▶ **WHAT IS EXPECTED**
Beneath this task are records; count the lines among them that contain the word "Embroidery" and answer with the number only.

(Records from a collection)
--------------------------------

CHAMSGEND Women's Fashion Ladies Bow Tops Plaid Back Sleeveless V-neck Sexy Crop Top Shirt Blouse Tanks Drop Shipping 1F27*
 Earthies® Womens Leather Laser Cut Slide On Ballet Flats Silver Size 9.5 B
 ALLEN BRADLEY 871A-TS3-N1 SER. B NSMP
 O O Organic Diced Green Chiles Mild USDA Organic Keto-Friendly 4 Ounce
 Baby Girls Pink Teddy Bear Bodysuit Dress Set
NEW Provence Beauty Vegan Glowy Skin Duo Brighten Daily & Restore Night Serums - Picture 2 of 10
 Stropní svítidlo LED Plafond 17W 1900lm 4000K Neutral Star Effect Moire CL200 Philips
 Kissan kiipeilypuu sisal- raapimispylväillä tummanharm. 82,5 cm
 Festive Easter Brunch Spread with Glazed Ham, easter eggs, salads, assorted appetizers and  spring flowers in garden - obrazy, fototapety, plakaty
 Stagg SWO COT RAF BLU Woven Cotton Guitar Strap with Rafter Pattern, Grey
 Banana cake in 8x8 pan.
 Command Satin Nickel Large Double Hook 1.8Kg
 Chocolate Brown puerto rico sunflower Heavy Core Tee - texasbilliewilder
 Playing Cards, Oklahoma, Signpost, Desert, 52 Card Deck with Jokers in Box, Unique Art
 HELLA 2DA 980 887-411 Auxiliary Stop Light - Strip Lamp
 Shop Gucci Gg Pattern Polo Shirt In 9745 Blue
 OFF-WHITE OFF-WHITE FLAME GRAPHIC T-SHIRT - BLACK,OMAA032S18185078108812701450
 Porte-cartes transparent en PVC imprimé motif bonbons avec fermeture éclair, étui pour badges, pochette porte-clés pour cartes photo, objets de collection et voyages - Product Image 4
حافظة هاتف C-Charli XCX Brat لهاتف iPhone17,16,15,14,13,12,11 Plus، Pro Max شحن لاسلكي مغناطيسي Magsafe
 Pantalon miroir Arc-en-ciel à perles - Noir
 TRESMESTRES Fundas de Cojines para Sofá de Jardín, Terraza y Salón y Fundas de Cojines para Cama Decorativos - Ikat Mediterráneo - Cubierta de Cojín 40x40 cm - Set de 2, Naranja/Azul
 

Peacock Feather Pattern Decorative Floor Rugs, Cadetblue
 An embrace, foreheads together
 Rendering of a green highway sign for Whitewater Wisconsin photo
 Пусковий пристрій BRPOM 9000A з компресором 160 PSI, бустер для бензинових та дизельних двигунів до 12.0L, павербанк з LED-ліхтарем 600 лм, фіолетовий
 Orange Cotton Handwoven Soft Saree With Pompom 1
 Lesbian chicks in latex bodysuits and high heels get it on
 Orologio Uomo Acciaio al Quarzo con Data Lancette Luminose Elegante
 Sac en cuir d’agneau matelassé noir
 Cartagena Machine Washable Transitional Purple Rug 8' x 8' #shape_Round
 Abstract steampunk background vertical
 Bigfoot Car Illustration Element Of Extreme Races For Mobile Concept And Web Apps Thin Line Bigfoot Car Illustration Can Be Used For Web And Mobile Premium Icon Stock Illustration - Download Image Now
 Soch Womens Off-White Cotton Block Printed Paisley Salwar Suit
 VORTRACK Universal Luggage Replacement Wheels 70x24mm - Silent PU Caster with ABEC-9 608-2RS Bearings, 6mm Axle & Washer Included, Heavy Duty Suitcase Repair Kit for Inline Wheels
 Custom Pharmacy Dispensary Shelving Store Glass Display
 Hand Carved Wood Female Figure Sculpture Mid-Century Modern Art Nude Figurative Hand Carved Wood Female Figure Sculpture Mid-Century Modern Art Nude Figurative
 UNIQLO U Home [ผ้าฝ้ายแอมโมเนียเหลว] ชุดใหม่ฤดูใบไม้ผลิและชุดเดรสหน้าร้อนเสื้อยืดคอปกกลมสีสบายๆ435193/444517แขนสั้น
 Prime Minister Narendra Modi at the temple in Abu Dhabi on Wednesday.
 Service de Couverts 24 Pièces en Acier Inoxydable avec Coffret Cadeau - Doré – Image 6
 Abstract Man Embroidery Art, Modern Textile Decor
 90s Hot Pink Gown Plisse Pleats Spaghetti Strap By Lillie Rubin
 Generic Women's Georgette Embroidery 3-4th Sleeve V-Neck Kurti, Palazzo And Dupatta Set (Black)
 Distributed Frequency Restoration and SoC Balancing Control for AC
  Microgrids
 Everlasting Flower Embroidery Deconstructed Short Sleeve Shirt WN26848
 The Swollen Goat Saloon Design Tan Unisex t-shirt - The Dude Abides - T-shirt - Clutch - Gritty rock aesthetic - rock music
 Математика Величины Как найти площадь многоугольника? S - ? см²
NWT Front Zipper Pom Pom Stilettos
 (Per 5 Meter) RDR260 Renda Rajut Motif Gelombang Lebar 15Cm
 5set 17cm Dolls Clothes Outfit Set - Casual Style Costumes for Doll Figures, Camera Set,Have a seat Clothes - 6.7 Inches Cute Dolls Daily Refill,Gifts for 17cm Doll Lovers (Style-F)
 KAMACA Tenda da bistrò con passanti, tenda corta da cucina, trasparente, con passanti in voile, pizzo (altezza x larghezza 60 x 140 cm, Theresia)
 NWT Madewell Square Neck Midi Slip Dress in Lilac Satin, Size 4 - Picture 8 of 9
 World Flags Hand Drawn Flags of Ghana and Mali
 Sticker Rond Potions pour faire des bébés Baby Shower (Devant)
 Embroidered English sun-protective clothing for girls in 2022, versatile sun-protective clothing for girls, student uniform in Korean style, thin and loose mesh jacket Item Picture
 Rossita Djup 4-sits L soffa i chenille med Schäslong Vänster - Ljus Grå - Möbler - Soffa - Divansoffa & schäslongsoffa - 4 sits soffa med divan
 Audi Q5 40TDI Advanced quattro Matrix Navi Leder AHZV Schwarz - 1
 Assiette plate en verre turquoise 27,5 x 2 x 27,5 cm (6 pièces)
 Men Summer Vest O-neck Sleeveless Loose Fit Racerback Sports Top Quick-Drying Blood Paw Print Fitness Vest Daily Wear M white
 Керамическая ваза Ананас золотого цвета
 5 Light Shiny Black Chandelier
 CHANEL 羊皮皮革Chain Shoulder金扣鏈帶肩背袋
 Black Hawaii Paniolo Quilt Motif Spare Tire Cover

--------------------------------

▶ **ANSWER TO THE EXERCISE**
3